I've tried the following separately:
1. set LD_LIBRARY_PATH in .bashrc
2. set LD_LIBRARY_PATH and JAVA_LIBRARY_PATH in hadoop-env.sh
3. set -Djava.library.path=... for mapred.child.java.opts
For what you are trying (i.e. given that the JNI libs are present on
all machines at a constant path) setting -Djava.library.path for the
child task via mapred.child.java.opts should work. What are you seeing?
Arun
4. change bin/hadoop to include $LD_LIBRARY_PATH in addition to the
path it generates: HADOOP_OPTS="$HADOOP_OPTS -Djava.library.path=
$LD_LIBRARY_PATH:$JAVA_LIBRARY_PATH"
5. drop the .so files I need into hadoop/lib/native/...

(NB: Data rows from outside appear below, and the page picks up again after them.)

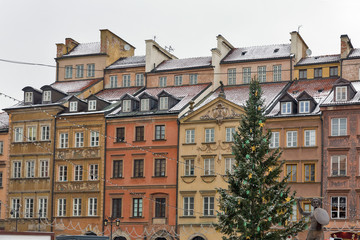 Fototapeta na wymiar Christmas Old Town market square in Warsaw, Poland.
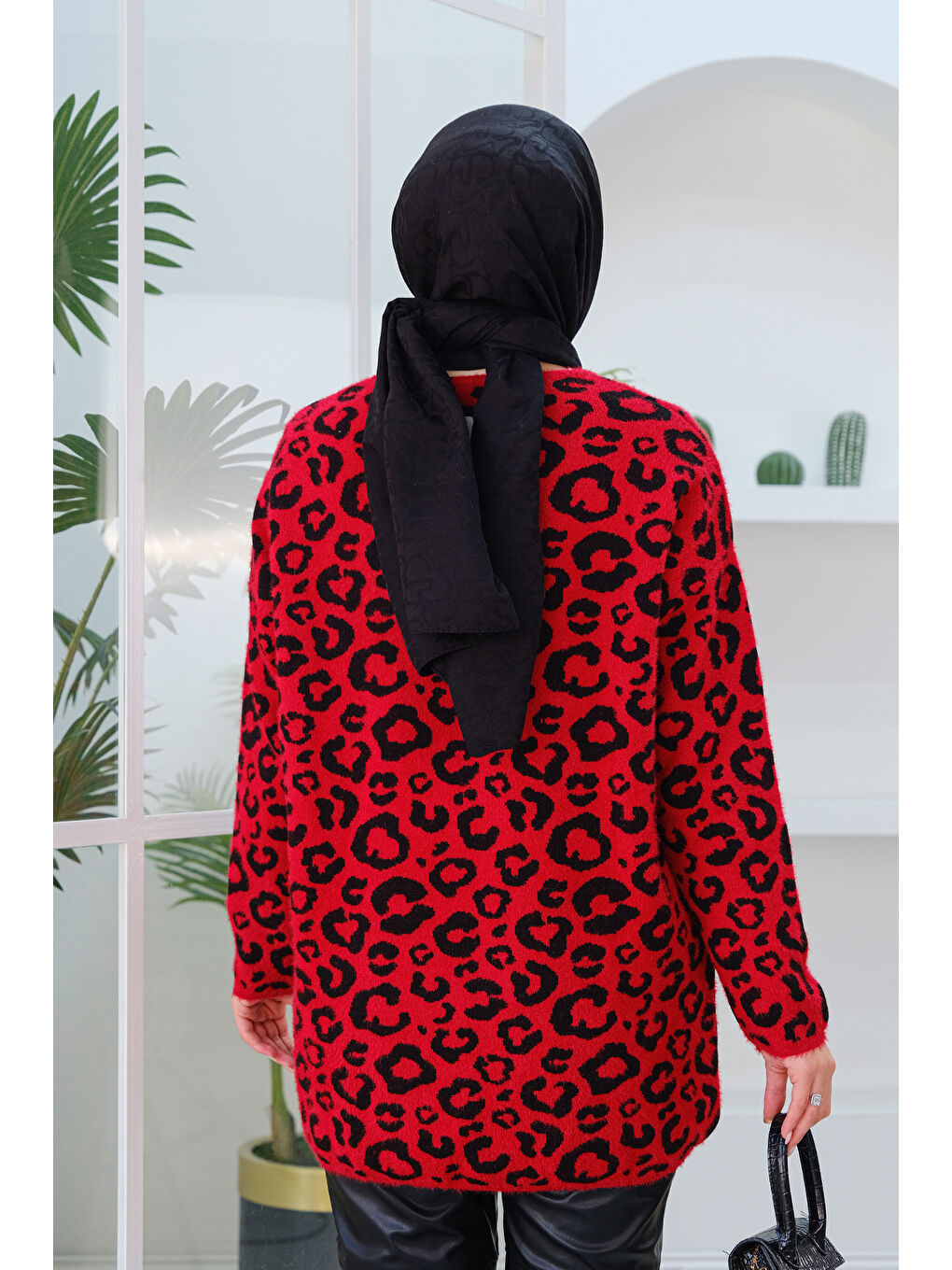 Locco Moda Leopar Desen Kazak Kırmızı - 3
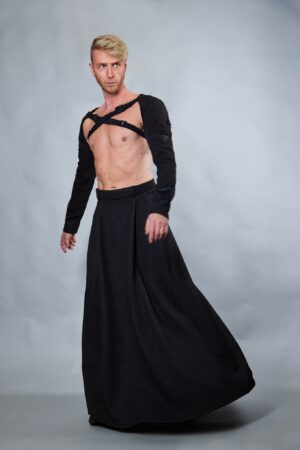 Unleash Your Cyberpunk Edge SK-C's Maxi Skirt with Hidden Pocket and Adjustable Waistband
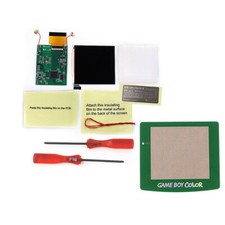 Green Glowing Lens Q5 OSD Menu IPS Backlight LCD Mod Kit W/Pre-cut Shell For GBC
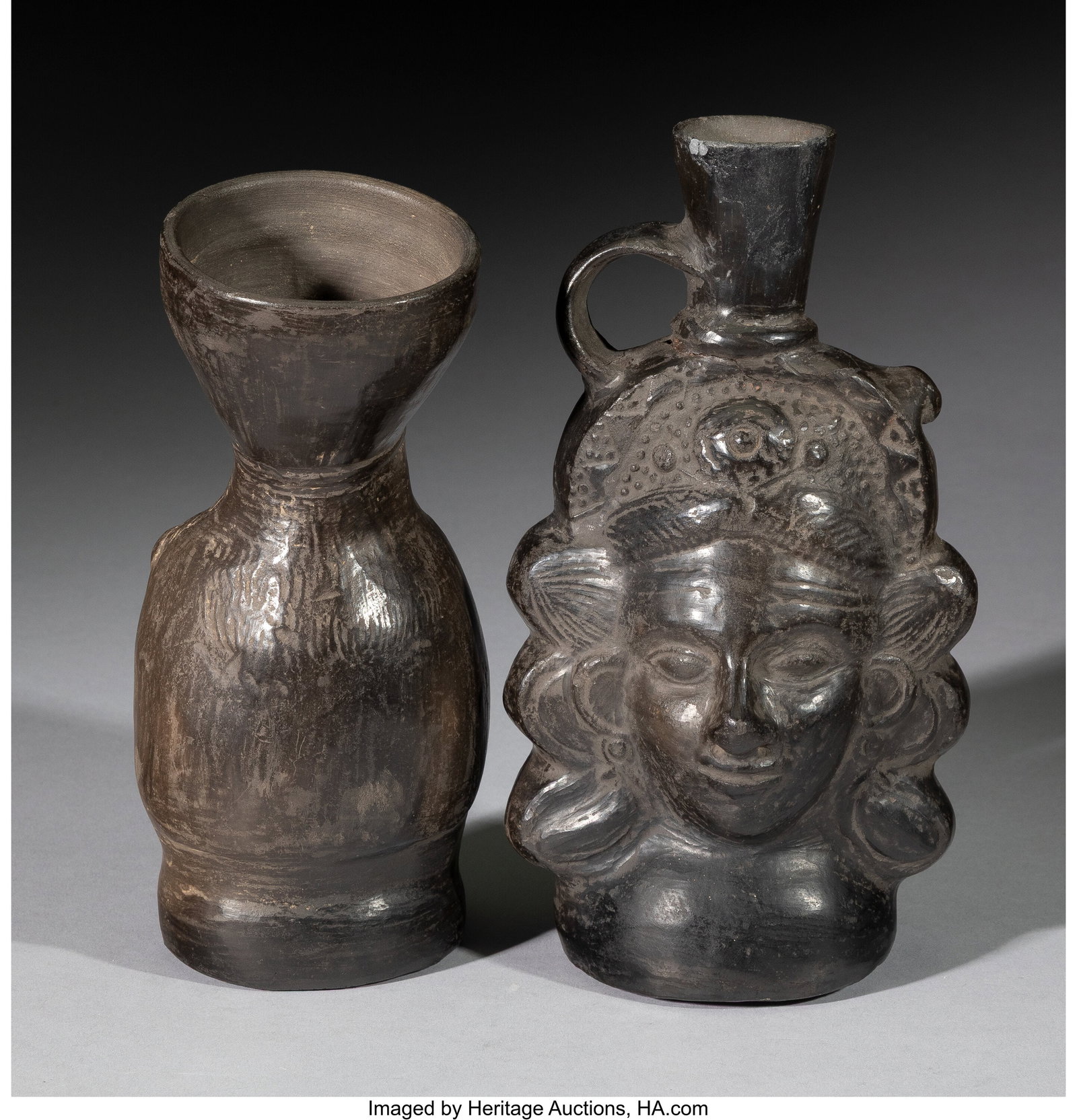 Two Transitional Inca / Colonial Blackware Vesse - 4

1~3 didn't work, 4 and 5 did but seem to be hacks. I also read that
I can do this using DistributedCache, but that seems to be extra
work for loading libraries that are already present on each machine.
(I'm using the JNI libs for berkeley db).
It seems that there should be a way to configure java.library.path
for the mapred jobs. Perhaps bin/hadoop should make use of
LD_LIBRARY_PATH?
Thanks,
- Mimi